Mr. Ely, whose talents and expertise are wide-ranging (he can stock a wine cellar, do the flowers, set a silver service, iron like a maestro and clean gutters, as he did once or twice at Holly Hill, Mrs. Astor’s Westchester estate), is a minimalist when it comes to materials. He favors any simple dish detergent as a multipurpose cleaner, along with a little vinegar, for glass, and not much else. “Dish detergent is designed for cutting grease; there’s nothing better,” he said. He’s anti-ammonia, anti-bleach. He said bleach destroys fabric, particularly anything with elastic in it. “Knickers and bleach are a terrible combination,” he said. “I had a boss who thought he had skin cancer. His entire trunk had turned red and itchy.” It seems his underpants were being washed in bleach. (Collective wince.) “It’s horrible stuff.”


As for tools, he likes a cobweb cleaner — this reporter had bought Oxo’s extendable duster, which has a fluffy orange cotton duster that snaps onto a sort of wand, but Mr. Ely prefers the kind that looks like a round chimney brush. (If you live in a house, he also suggests leaving the cobwebs by the front and back doors, so the spiders can eat any mosquitoes coming or going.) Choose a mop with microfiber fronds (he suggested the O Cedar brand) because it dries quickly and doesn’t smell. And a sturdy vacuum. Also, stacks of microfiber cloths or a terry cloth towel ripped up.
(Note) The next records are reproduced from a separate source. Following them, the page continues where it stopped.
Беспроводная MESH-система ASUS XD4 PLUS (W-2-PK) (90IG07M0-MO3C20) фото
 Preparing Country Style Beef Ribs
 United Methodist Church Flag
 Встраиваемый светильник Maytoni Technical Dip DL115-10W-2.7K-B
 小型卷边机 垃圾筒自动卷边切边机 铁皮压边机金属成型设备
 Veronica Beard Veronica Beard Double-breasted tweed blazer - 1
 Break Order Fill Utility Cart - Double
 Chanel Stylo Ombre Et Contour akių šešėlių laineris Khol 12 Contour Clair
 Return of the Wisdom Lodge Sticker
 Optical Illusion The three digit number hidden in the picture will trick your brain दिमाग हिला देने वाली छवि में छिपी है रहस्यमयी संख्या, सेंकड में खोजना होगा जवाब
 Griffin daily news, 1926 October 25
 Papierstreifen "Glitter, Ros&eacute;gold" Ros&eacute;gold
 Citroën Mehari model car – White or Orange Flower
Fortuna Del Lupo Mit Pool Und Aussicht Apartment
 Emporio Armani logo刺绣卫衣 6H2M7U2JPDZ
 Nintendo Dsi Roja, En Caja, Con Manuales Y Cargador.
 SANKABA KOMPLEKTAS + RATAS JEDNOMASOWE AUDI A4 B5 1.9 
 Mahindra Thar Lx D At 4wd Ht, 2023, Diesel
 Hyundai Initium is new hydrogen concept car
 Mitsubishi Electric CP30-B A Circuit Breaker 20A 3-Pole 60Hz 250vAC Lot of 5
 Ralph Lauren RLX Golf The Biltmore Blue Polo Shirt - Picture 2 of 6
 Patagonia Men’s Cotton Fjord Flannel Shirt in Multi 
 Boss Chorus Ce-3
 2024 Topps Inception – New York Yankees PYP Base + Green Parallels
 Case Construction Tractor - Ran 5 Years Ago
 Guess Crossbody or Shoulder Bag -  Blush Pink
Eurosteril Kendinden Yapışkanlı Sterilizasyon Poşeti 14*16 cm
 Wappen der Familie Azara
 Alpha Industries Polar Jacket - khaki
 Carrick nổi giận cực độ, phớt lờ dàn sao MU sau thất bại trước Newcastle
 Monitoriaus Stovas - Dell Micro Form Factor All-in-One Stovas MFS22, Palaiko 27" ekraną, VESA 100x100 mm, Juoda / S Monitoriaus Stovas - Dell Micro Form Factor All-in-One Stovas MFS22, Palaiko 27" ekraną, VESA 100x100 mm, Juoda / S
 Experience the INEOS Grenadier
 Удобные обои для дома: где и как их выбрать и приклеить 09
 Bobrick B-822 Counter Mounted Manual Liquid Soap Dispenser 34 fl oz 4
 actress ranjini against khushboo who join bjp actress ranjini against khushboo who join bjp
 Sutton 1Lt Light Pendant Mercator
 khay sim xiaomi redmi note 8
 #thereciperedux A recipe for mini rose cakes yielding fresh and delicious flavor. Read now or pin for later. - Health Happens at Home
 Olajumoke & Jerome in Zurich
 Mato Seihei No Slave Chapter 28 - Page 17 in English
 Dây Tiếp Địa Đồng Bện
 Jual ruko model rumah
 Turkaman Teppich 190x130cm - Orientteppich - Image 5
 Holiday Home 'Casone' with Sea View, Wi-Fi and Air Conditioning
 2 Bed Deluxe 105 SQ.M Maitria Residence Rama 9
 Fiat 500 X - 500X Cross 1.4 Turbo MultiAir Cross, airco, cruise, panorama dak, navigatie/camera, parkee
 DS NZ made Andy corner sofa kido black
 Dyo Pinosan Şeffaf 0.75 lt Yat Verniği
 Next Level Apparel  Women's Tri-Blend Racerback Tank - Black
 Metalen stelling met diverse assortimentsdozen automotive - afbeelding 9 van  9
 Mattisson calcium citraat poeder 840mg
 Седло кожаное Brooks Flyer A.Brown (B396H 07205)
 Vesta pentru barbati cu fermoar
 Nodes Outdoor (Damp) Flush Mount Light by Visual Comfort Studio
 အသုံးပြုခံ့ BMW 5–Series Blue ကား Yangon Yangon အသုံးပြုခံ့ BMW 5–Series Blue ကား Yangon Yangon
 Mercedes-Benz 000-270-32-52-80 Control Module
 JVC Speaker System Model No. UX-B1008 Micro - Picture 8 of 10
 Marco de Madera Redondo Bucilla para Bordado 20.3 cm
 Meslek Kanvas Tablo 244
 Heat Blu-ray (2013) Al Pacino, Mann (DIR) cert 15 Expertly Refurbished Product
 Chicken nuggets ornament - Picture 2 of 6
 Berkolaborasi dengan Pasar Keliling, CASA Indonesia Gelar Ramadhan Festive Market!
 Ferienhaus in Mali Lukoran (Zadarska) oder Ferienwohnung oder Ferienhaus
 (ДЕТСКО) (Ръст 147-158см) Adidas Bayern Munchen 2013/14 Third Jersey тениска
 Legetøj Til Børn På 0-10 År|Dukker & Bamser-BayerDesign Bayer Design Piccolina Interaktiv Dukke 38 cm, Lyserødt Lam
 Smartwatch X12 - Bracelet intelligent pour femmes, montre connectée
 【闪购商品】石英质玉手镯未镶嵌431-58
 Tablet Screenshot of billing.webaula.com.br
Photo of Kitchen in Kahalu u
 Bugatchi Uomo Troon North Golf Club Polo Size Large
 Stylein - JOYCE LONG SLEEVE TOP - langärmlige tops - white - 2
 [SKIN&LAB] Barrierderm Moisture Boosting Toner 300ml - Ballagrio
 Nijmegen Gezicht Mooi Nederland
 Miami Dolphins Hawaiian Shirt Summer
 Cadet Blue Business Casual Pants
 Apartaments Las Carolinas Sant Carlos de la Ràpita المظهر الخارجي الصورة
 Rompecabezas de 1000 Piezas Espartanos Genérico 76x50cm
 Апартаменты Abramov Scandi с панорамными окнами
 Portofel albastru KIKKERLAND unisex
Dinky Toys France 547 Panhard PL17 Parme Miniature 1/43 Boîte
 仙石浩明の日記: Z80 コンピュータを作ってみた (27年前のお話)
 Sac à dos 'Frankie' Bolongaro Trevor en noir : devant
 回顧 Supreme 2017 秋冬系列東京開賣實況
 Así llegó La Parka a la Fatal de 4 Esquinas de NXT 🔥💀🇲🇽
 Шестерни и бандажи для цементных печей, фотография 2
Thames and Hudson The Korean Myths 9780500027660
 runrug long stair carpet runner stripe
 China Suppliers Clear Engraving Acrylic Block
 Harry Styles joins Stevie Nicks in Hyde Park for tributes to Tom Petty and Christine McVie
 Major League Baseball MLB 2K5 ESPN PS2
But first, to stretch. Ms. Johnson took hold of this reporter’s Bona floor mop (it’s like a Swiffer, but with a reusable washcloth) and Mr. Ely followed along with an old-fashioned string mop. Though Mr. Ely has a kind of loose-limbed elegance, he is not exactly limber. He grimaced as he parroted Ms. Johnson, who used her mop as Gene Kelly did his umbrella, stretching her arms overhead, one by one, twisting from side to side, sucking in her stomach, rising up on tip toes. (Mr. Ely said his old poodle-hurling injury was kicking in.) Ms. Johnson adjusted his chin — “You’re going to hurt yourself if you keep sticking your neck out,” she warned — and Mr. Ely raised a black-socked foot napped with cat hair and chastised this reporter: “Would you look at that?” (The cat had vanished early on, but his “debris,” as Mr. Ely put it, was still very much in evidence. The reporter hung her head. Did she know that cat spit is toxic? Mr. Ely wondered.)


“We’re warming up the spine,” said Ms. Johnson. “Squeeze your abdominals.”


Mr. Ely looked worried: “I don’t think I have abdominals!”


MR. ELY’S technique is to clean a room from top to bottom. That means he begins with the cobweb cleaner, wafting it along ceiling corners, moldings, soffits and, uh, the top of the fridge (major dust harvest there). His form was pretty, like a serve by Roger Federer, if not exactly aerobic. For Mr. Ely kept stopping to lecture this reporter — on condensation; on the basic principles of heat transfer and why one needs to vacuum the refrigerator coils; on the movement of moist air in a kitchen; on floor care, which involved a long story about a Belgian monastery whose inhabitants never washed the kitchen floor; on how to dust the halogen spot lights (use a cotton cloth, not a microfiber one, and make sure the lights are off, and cool).  “I do rabbit on, don’t I?” he said. Ms. Johnson gamely hustled him along, noting that anytime you raise your arms over your head you can raise your heart rate. “What about a balance exercise?” she cajoled, executing a neat series of leg lifts. “That’s good for the butler’s booty!”